Dramatic moments in golf history are written every year at the Player’s Championship, deservedly known as golf’s “fifth major” and played annually on a stage second only to Augusta National in terms of both history and public recognition. A watershed moment occurred in the golf world in 1978 when the PGA tour purchased 415 acres of desolate swampland near Jacksonville, Florida for one dollar. Tour commissioner Deane Beman hired architect Pete Dye and gave him a mission that would change both golf course design and tournament venues forever. The challenge was to build a course that would host not just any tournament, but the Players’ Championship, the annual championship for the touring professionals. Not only would the course have to challenge the best golfers in the world year in and year out at a high profile tournament, the course would also be the first “stadium” style golf course, featuring natural grass amphitheatres around greens and enormous mounds flanking the fairways to seat spectators.

Dye went much further.
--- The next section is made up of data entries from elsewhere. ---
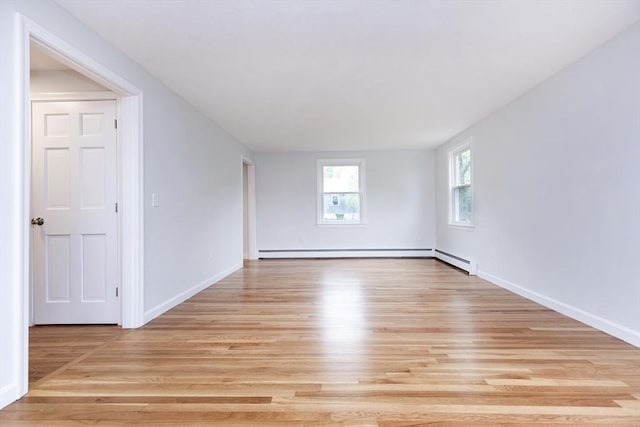 6 Post Gate Rd, Danvers, MA 01923 - spare room featuring light wood-type flooring, baseboards, and a baseboard radiator
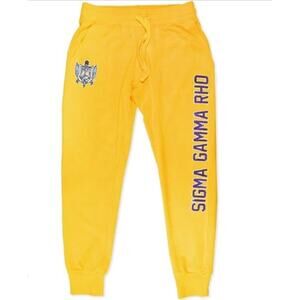Big Boy Headgear Sigma Gamma Rho Sequin women's yellow joggers Sz 2XL Collegiate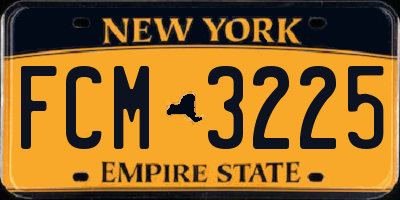 NY license plate FCM3225
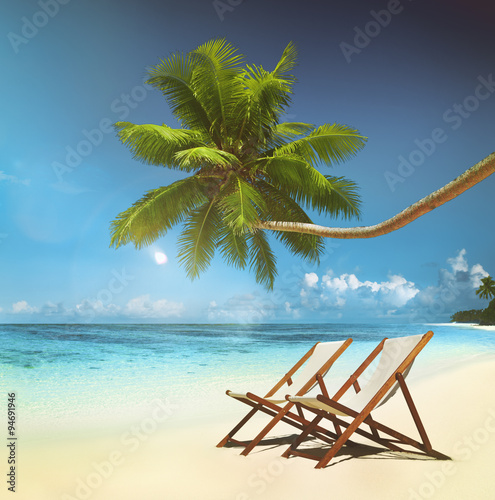 Deck Chair Trapical Beach Summer Paradise Concept photo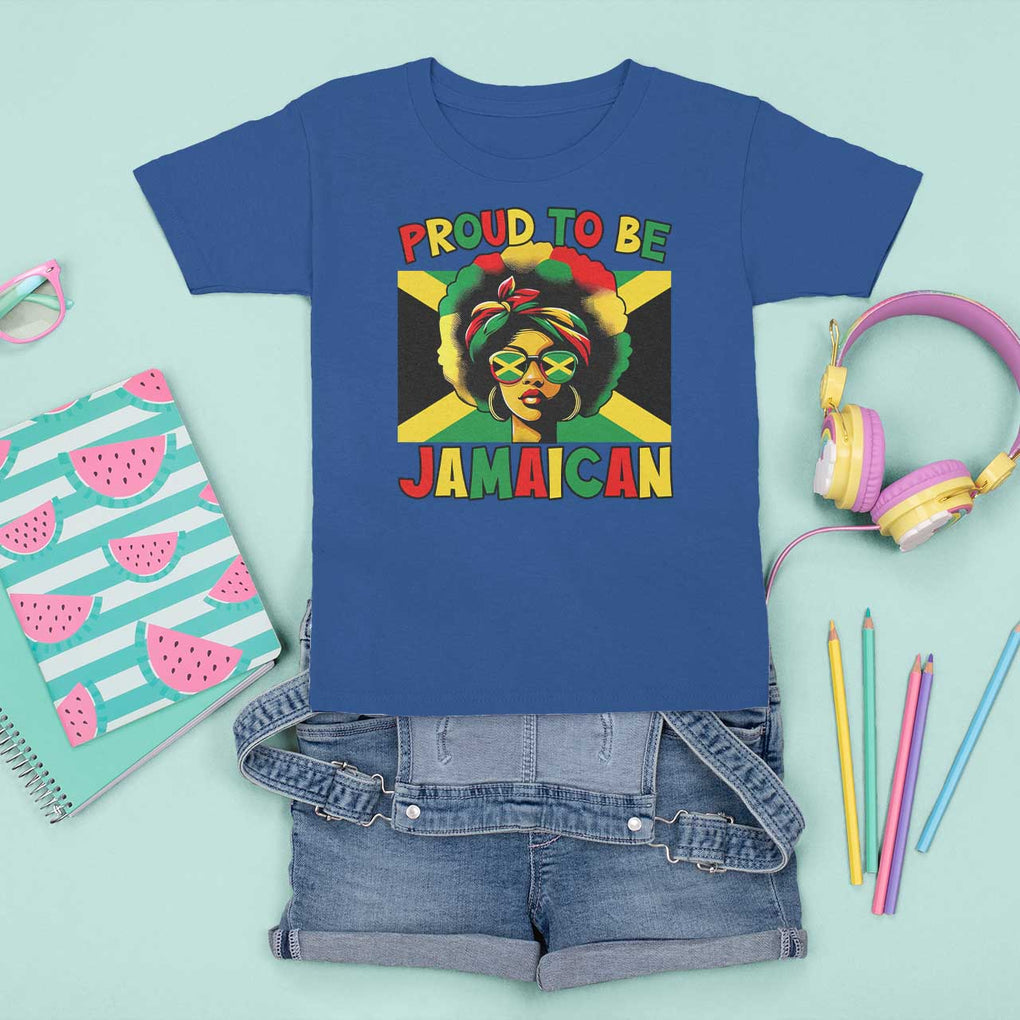 Proud To Be Jamaican T Shirt For Kid Jamaica Pride Flag Girl Sunglasses TS11 Royal Blue Print Your Wear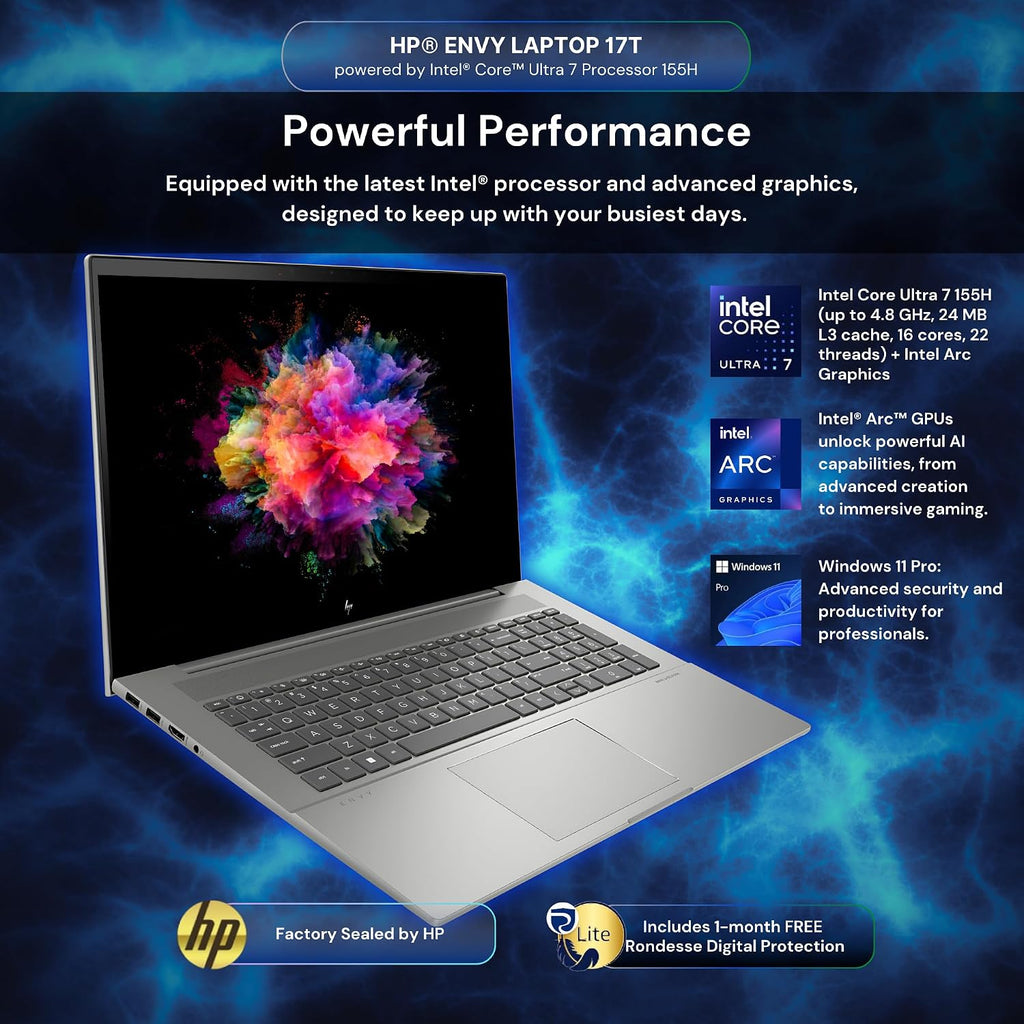 HP Envy 17T Laptop, Intel® Core™ Ultra 7 155H (up to 4.8 GHz), Intel Arc Graphics 32GB RAM,1TB SSD, 17.3' FHD Touch, Win 11 PRO, WiFi 6,Free Rondesse Lite-Real Time Scam and Legal Protection
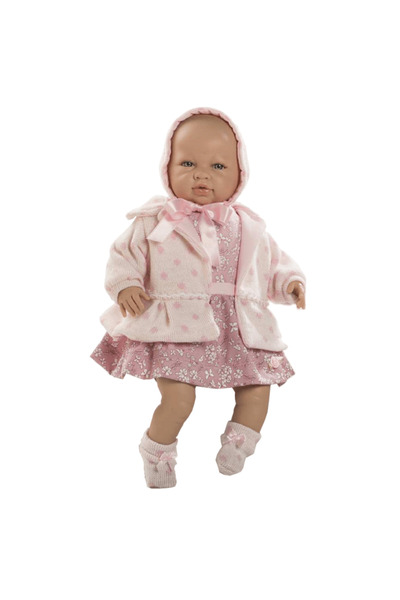 Berbesa Papusa interactiva Sara cu rochita si jacheta, 50 cm,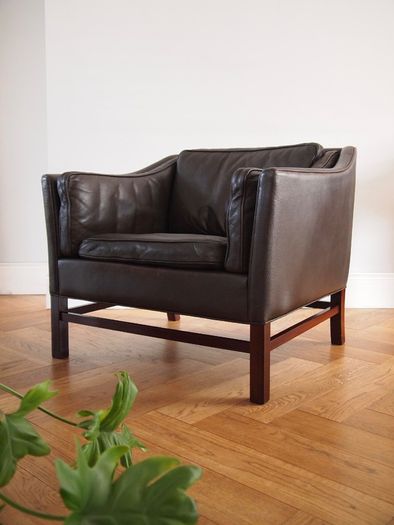 Georg Thams for Grant Mobelfabrik Mid Century Modern Danish Leather Armchair Vintage 1960s
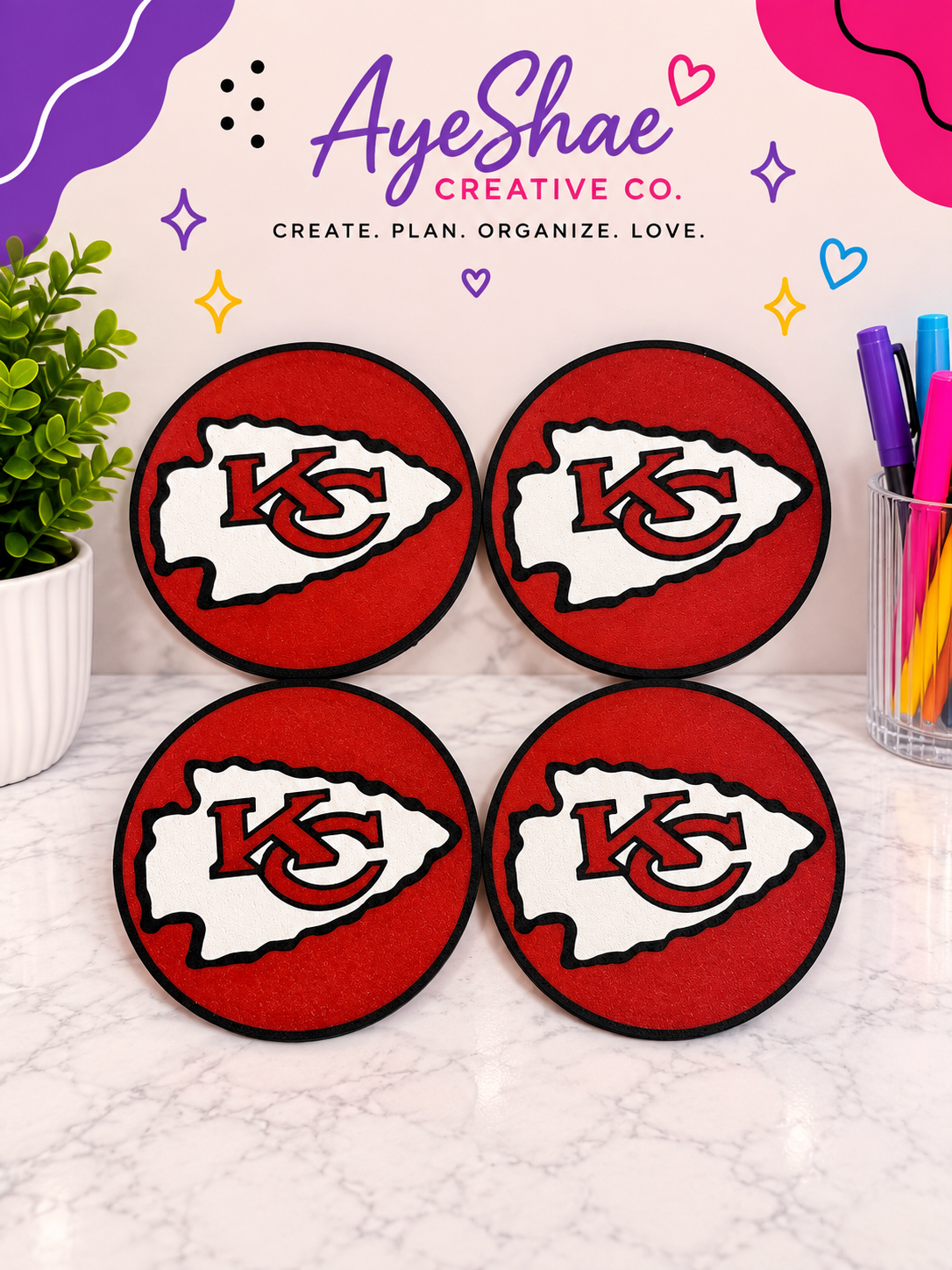Kansas City Chiefs Football Coaster Set With Holder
In designing his archetypal fan, media and player favorite, he spawned an entire generation of target golf courses throughout the world and gave birth to a nationwide network of stadium courses designed for tournament play and spectator accommodation. In this regard, Dye’s achievement at Sawgrass is underestimated, for although years of copycat courses mimicked target style shot requirements, Sawgrass is rich with risk-reward options and strategic subtleties. Sure everybody knows the dramatic, all-or-nothing 17th, but there are many other holes at Sawgrass that provide equal doses of drama, shotmaking requirements, course management and patience.

The significance of Dye’s achievement in designing Sawgrass cannot be overstated. Without question, Sawgrass is the most important course built in this country between Pebble Beach (1919) and Bandon Dunes (1998). Harbour Town heralded the arrival of the Dye era and Whistling Straits may be his artistic masterpiece, but Sawgrass is Dye’s greatest contribution to the history and architecture of the game. Sawgrass is fun for everyone – the media, the fans and even the players. Indeed, the wild popularity of the course with spectators and TV viewers helped trigger an entire trend in golf course architecture and spawned over twenty more TPC facilities. Often imitated, but never equaled and now universally revered, the Stadium course is a shrine to the game itself, a Mecca to all true players and fans, and is one of the game’s most recognized and celebrated icons. For all his great designs throughout the world, Dye may best be known for Sawgrass.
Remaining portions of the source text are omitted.